▸ WORK REQUEST: Below are the records. Retype exactly the lines between the lines holding "Group of friends" and "A modern dining", inclusive.

▸ DATA FOR ANALYSIS:
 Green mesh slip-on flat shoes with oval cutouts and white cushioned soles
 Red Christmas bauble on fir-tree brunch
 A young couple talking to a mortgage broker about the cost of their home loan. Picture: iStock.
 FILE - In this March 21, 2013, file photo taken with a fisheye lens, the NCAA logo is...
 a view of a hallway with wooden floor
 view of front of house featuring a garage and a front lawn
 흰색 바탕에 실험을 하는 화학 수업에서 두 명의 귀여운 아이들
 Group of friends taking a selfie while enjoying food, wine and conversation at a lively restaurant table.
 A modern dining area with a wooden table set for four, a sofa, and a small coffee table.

==

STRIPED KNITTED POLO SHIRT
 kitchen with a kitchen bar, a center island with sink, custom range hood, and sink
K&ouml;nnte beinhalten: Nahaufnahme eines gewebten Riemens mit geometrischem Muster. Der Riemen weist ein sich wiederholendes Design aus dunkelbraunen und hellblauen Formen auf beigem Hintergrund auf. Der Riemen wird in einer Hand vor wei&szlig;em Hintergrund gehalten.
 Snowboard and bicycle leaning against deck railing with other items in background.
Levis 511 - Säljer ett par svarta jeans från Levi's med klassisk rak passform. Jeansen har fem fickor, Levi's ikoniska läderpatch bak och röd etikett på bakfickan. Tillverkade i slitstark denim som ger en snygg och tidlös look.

--

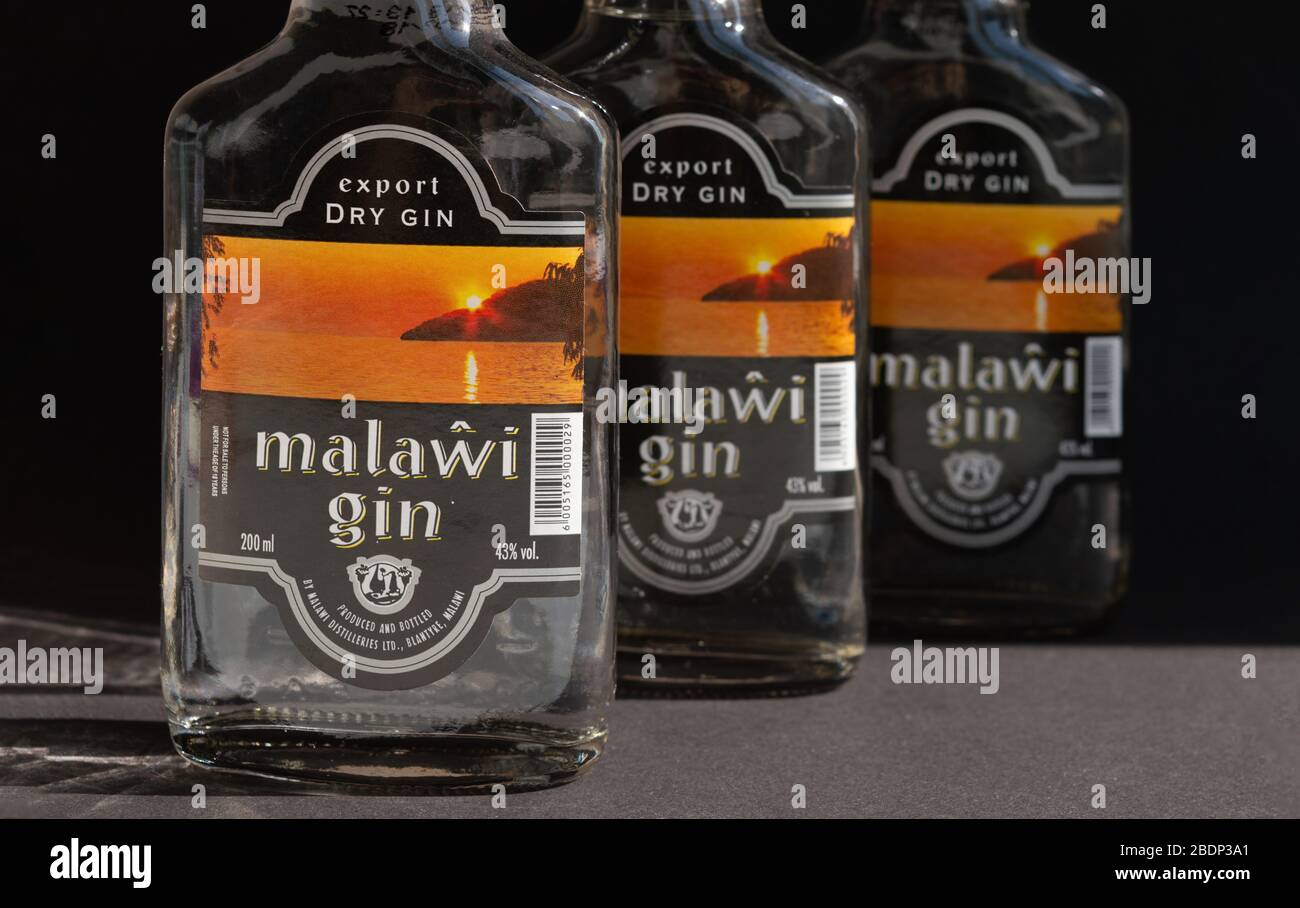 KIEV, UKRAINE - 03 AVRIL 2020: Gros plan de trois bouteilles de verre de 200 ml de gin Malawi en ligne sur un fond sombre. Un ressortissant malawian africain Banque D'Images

▸ RESPONSE TO THE TASK:
 Group of friends taking a selfie while enjoying food, wine and conversation at a lively restaurant table.
 A modern dining area with a wooden table set for four, a sofa, and a small coffee table.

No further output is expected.